Brief descriptive captions:
**********
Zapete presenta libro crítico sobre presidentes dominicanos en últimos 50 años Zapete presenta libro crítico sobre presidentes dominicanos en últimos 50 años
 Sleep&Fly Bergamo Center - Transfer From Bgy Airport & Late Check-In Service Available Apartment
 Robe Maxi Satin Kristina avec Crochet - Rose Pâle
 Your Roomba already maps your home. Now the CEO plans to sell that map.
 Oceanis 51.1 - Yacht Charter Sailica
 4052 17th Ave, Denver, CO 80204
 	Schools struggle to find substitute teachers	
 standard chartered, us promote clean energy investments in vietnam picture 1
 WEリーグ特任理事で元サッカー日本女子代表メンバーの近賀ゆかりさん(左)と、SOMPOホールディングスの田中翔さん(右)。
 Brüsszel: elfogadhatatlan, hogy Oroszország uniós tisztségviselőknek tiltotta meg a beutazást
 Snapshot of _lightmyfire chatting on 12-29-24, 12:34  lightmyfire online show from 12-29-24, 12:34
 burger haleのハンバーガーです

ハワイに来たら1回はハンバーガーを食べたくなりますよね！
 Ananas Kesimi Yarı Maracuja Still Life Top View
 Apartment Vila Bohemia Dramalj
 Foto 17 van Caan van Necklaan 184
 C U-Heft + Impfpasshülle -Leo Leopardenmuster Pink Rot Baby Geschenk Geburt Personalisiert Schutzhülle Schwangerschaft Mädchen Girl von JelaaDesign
**********
TASK:
Please give an exact copy of every entry.

COMPLETED EXERCISE:
Zapete presenta libro crítico sobre presidentes dominicanos en últimos 50 años Zapete presenta libro crítico sobre presidentes dominicanos en últimos 50 años
 Sleep&Fly Bergamo Center - Transfer From Bgy Airport & Late Check-In Service Available Apartment
 Robe Maxi Satin Kristina avec Crochet - Rose Pâle
 Your Roomba already maps your home. Now the CEO plans to sell that map.
 Oceanis 51.1 - Yacht Charter Sailica
 4052 17th Ave, Denver, CO 80204
 	Schools struggle to find substitute teachers	
 standard chartered, us promote clean energy investments in vietnam picture 1
 WEリーグ特任理事で元サッカー日本女子代表メンバーの近賀ゆかりさん(左)と、SOMPOホールディングスの田中翔さん(右)。
 Brüsszel: elfogadhatatlan, hogy Oroszország uniós tisztségviselőknek tiltotta meg a beutazást
 Snapshot of _lightmyfire chatting on 12-29-24, 12:34  lightmyfire online show from 12-29-24, 12:34
 burger haleのハンバーガーです

ハワイに来たら1回はハンバーガーを食べたくなりますよね！
 Ananas Kesimi Yarı Maracuja Still Life Top View
 Apartment Vila Bohemia Dramalj
 Foto 17 van Caan van Necklaan 184
 C U-Heft + Impfpasshülle -Leo Leopardenmuster Pink Rot Baby Geschenk Geburt Personalisiert Schutzhülle Schwangerschaft Mädchen Girl von JelaaDesign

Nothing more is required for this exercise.